__Dataset content__:
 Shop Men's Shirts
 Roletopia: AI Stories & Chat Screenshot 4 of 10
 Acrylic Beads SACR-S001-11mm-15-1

__Aim of the exercise__: Each line above is to be reproduced exactly. Leave none out.

__Response to the task__:
 Shop Men's Shirts
 Roletopia: AI Stories & Chat Screenshot 4 of 10
 Acrylic Beads SACR-S001-11mm-15-1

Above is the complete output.